TASK DIRECTIONS:
From the material below, copy exactly the lines beginning with the one that contains "At what Age" and ending with the one that contains "Emile Perrault, A"; the pictures stay out.

EXTRACTED DATA:
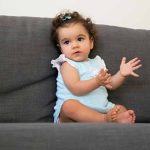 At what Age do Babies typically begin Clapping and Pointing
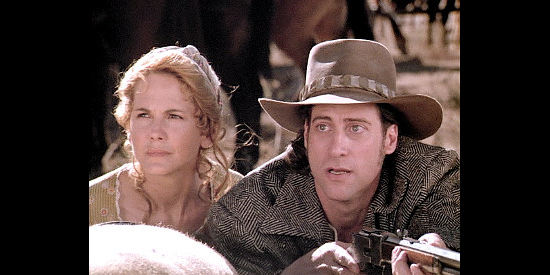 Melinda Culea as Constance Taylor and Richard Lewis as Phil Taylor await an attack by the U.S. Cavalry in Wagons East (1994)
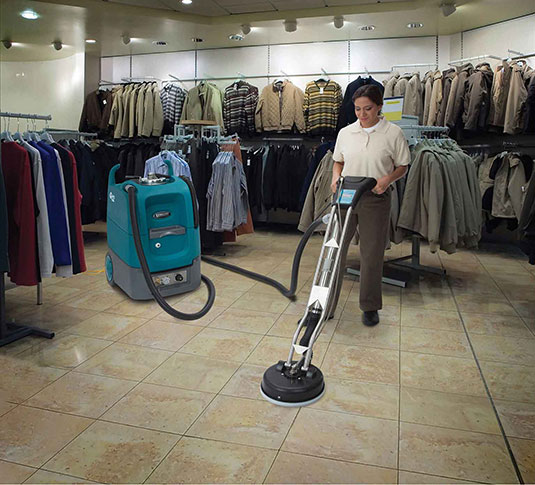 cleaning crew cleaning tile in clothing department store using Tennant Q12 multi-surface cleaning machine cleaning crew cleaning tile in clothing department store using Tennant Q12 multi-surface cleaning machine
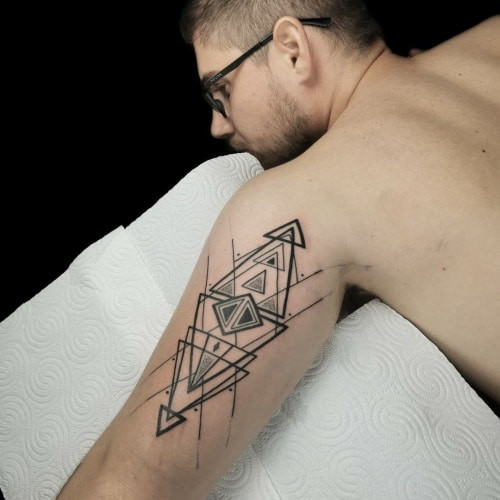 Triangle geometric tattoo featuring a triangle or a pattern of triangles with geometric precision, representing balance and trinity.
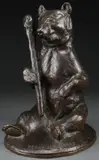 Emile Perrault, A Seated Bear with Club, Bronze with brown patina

--

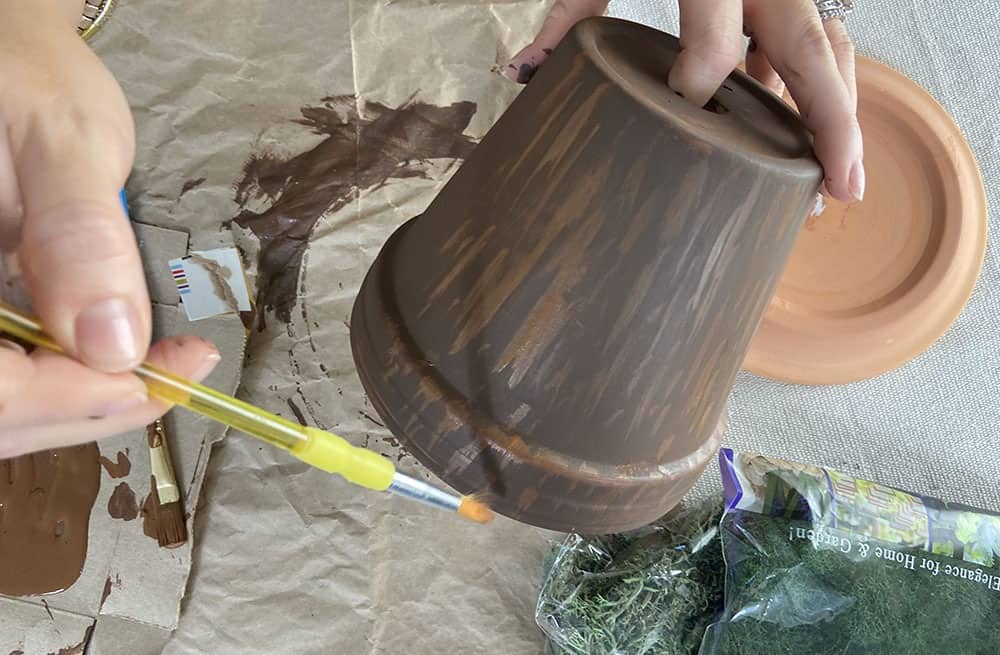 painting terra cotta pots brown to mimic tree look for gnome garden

TASK OUTPUT:
 At what Age do Babies typically begin Clapping and Pointing
 Melinda Culea as Constance Taylor and Richard Lewis as Phil Taylor await an attack by the U.S. Cavalry in Wagons East (1994)
 cleaning crew cleaning tile in clothing department store using Tennant Q12 multi-surface cleaning machine cleaning crew cleaning tile in clothing department store using Tennant Q12 multi-surface cleaning machine
 Triangle geometric tattoo featuring a triangle or a pattern of triangles with geometric precision, representing balance and trinity.
 Emile Perrault, A Seated Bear with Club, Bronze with brown patina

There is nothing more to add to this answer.